De-aggregation of data

Andrzej · January 5, 2025, 8:39am

Hi, I want to know which software can do de-aggregation of data ? For example I have got aggregated data and want to go to raw/individual data, in R I could use uncount() function, but is it possible to do it in other statistical software ?

obraz

nirgrahamuk · January 5, 2025, 2:32pm

I would expect this to be achievable in every programming language... perhaps you could narrow your question?

Andrzej · January 5, 2025, 4:28pm

I would like to do it somehow in SPSS. Practically in every software there is aggregate function, but going back
to raw data is not possible.
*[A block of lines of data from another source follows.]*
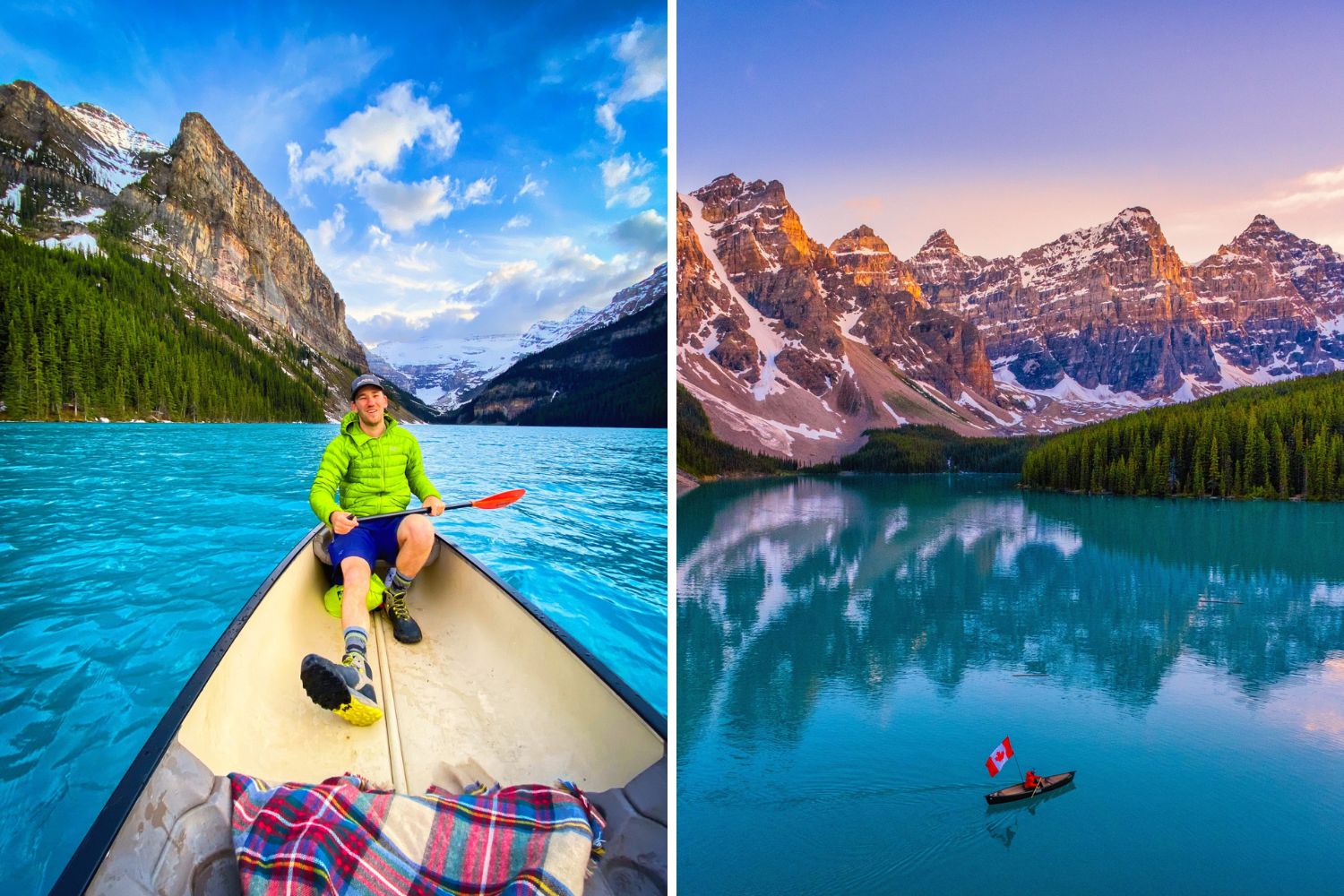 Canoeing on Lake Louise (left) // Canoeing on Moraine Lake (right)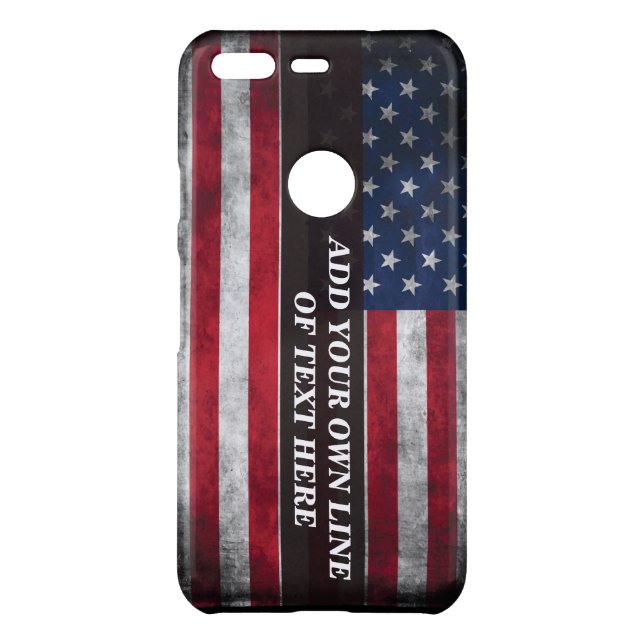 Add your text on American flag  Uncommon Google Pixel Case (Back)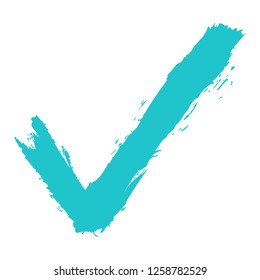 Check mark sign created paint brushstroke. This design graphic element is saved as a vector illustration in the EPS file format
I work often with SPSS and I can import data (sav file) into R and uncount() it and then save it as sav file and be back in SPSS. The thing is that in SPSS factors can be numbered starting from 0 but in R indexing starts from 1 so I have to correct it in SPSS.
Is there a way maybe to start numbering levels from 0 in R or is it possible to uncount data in SPSS (using syntax) ?
I checked Jamovi and Jasp as well but did not find such an option there.
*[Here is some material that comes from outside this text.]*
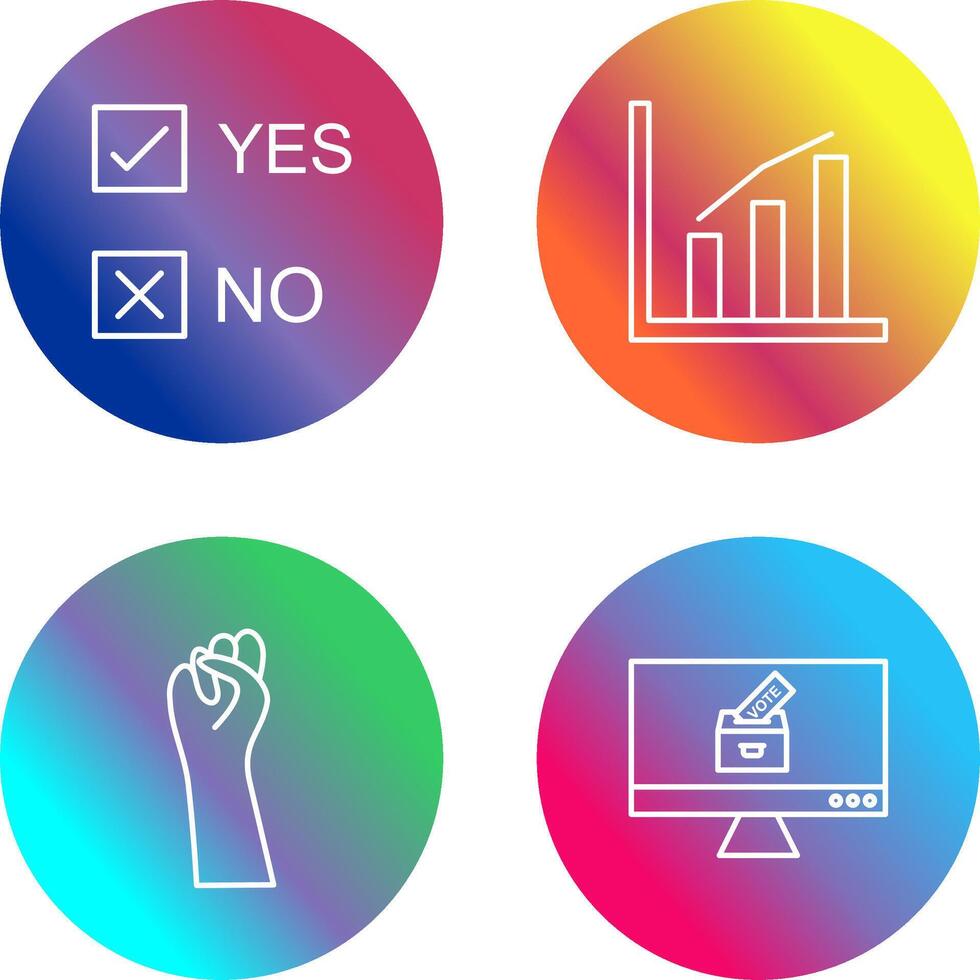 Oui non option et statistiques icône vecteur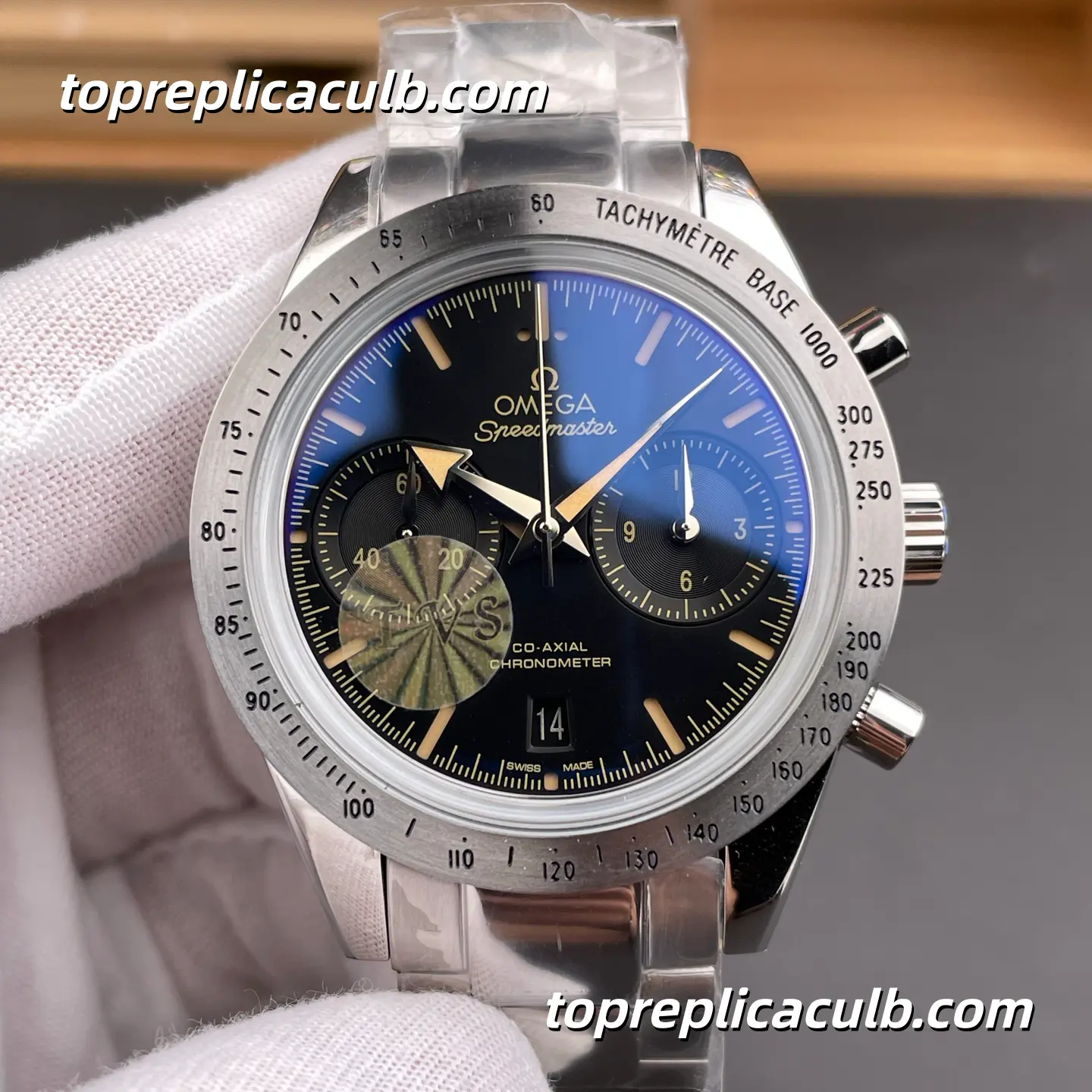 TVS Factory Omega Speedmaster Racing “Blue Panda” Ref.331.10.42.51.01.002 41.5MM Blue Black Dial Stainless Steel Bracelet Super Clone Watch With 1:1 Replica 9300 Movement - Image 3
startz · January 5, 2025, 4:55pm

This is a little kludgey, but if the factor in R is named V you could do

V1<-as.numeric(V)-1

and then save V1 to SPSS.

Andrzej · January 5, 2025, 5:02pm

It works but it removes factor's labels. What to do to retain labels ?

danne <- structure(list(condition = structure(c(1L, 1L, 1L, 1L, 2L, 2L, 
2L, 2L, 3L, 3L, 3L, 3L), levels = c("absent", "mild", "severe"
), class = "factor"), bloodtype = structure(c(1L, 2L, 3L, 4L, 
1L, 2L, 3L, 4L, 1L, 2L, 3L, 4L), levels = c("A", "B", "AB", "O"
), class = "factor"), count = c(543, 211, 90, 476, 44, 22, 8, 
31, 28, 9, 7, 31)), class = "data.frame", row.names = c(NA, -12L
), variable.labels = structure(character(0), names = character(0)), codepage = 1252L)

so basically I am asking, is this possible:

StatSteph · January 6, 2025, 2:11pm

I feel you might get more help posting on an SPSS forum.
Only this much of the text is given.